Podemos aprofundar esta nossa pesquisa consultando trabalhos do pranteado Ir.: Nicola Aslan, em seu Grande Dicionário Enciclopédico, onde é dito que os fanáticos eram os sacerdotes antigos dos cultos de Isis, Cibele, Belona, etc., que eram tomados de delírio sagrado, e que se laceravam até fazer correr sangue. A palavra tomou, assim, o sentido de misticismo vulgar, que admite poderes ocultos, que podem intervir graças ao uso de certos Rituais.
Emprega-se, também, para indicar a intolerância obstinada daquele que luta por uma posição, que considera evidente e verdadeira, e que está disposto a empregar até a violência para fazer valer suas opiniões e para converter a outros que não aceitam as suas ideias. Daí tomar-se o termo, por extensão, para apontar toda e qualquer crença, quer religiosa, ou não, desde que haja manifestação obstinada por parte de quem a segue.

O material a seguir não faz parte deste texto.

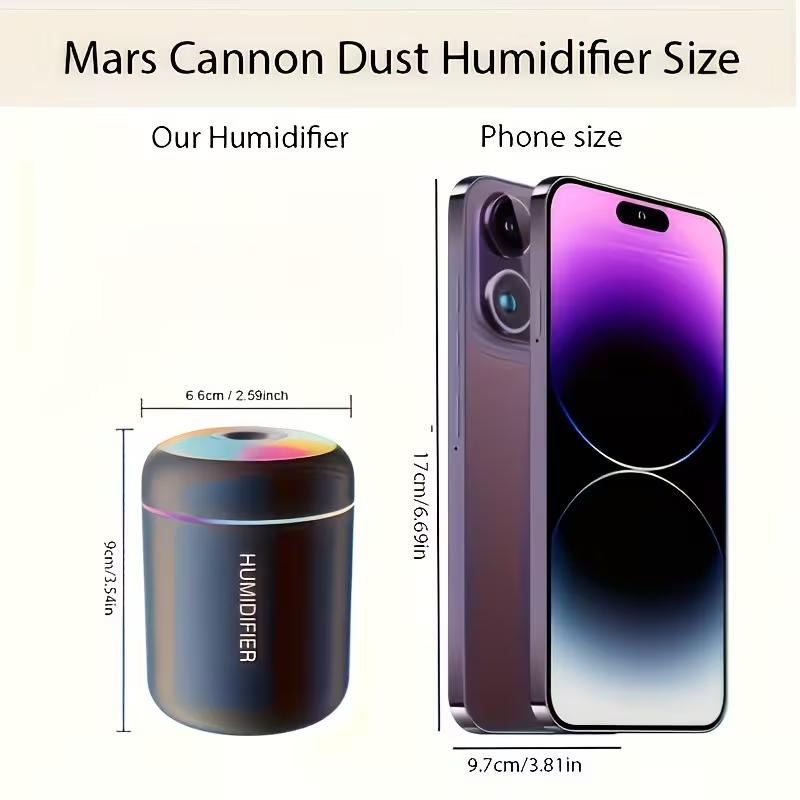 Essential Oil Aromatherapy Diffuser Humidifier USB Mist Diffuser Color Changing LED Night Light Air Humidifier for Home Bedroom Office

Esta palavra vem do latim fanum, Templo, lugar sagrado. Fanaticus era, em latim, o inspirado, o entusiasmado, o agitado por um furor divino. Posteriormente, tomou o sentido de exaltado, de delirante, de frenético. E, finalmente, o de supersticioso.

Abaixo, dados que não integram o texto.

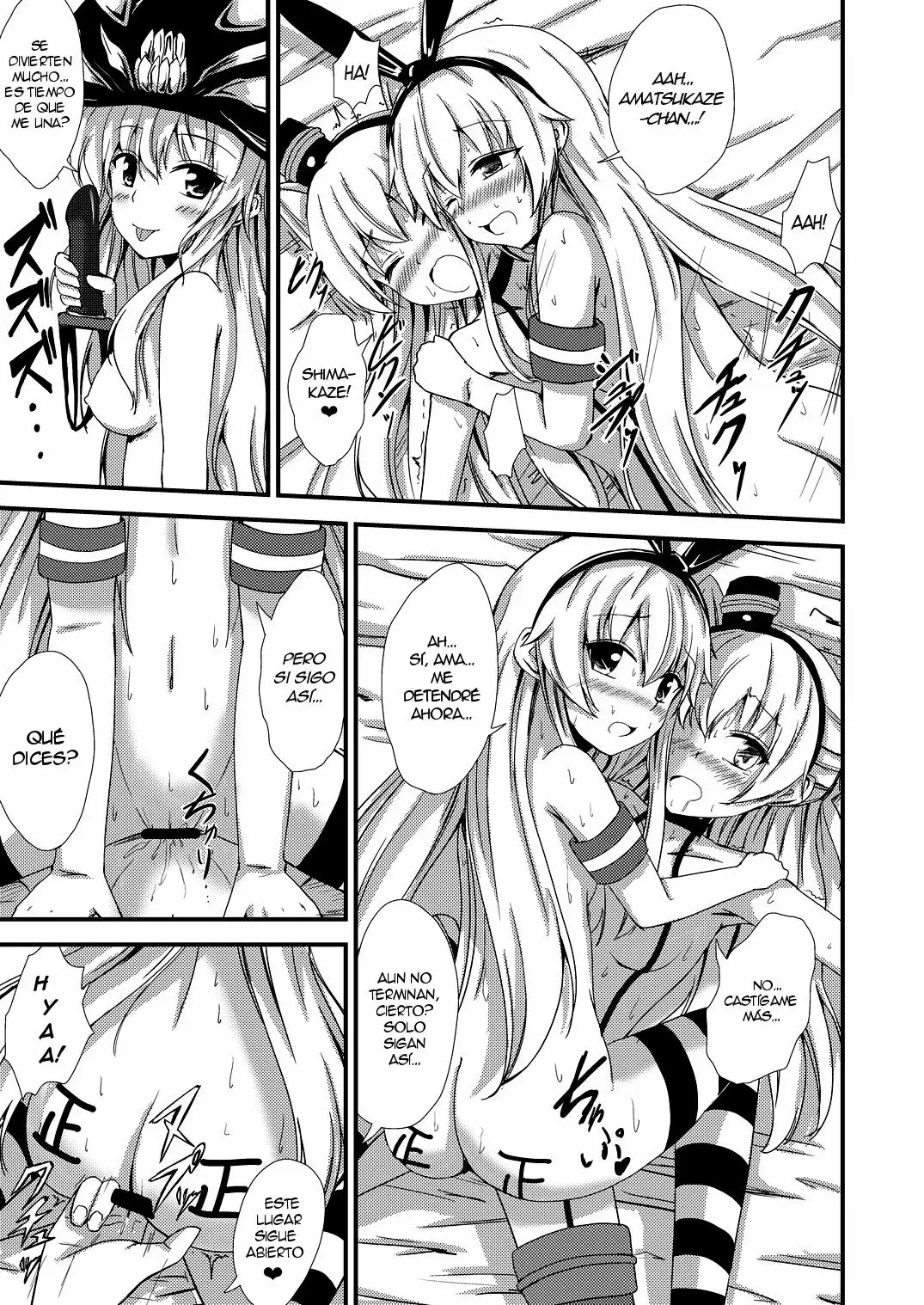 Kuubo Wo-Kyuu-chan no Shimakaze Yuri Dorei Choukyou -3P Choukyou Hen- (Kantai Collection)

Desse modo, podemos agora definir o Fanatismo como sendo a dedicação cega, excessiva, ao zelo religioso; paixão; adesão cega a uma doutrina ou sistema qualquer, inclusive político. Podemos afirmar que o abuso das práticas religiosas pode levar até a exaltação que impelem o fanático a praticar atos criminosos em nome da religião ou de um poder político.

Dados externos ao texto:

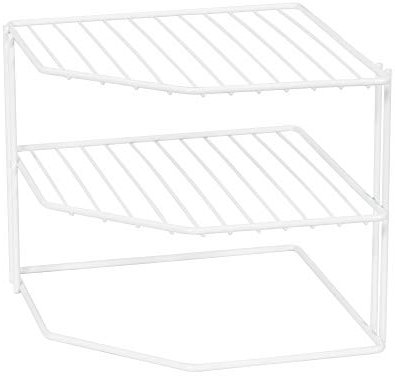 Compactor Rangement Casseroles Perth Taille M, Métal Blanc, 24x23x20.3 cm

Conforme a Enciclopédia Portuguesa Ilustrada temos que: o fanatismo é uma fé cega, irrefletida, inconsciente, e a maior parte das vezes independente da própria vontade, que algumas pessoas sentem por uma doutrina ou um partido. O fanatismo é uma autossugestão, que se sente independente da própria vontade e que faz sentir uma paixão desordenada a que nos abandonamos.
Enquanto o fanatismo não intervém nas relações sociais dos indivíduos, não deve ser considerado perigoso; mas não sucede o mesmo quando os seus efeitos se manifestam numa sociedade compacta, onde reina a diversidade de crenças e opiniões. O fanatismo causou males em todas as sociedades antigas, e na Idade Media viram-se também excessos produzidos por ele, principalmente o fanatismo religioso.

A Maçonaria condena o fanatismo com todas as suas forças.

Em vários Graus, as instruções giram em torno desta execrável paixão, considerada como um dos inimigos da Ordem Maçônica.

 

Ir.´. Alfério Di Giaimo Neto – M.`. I.´.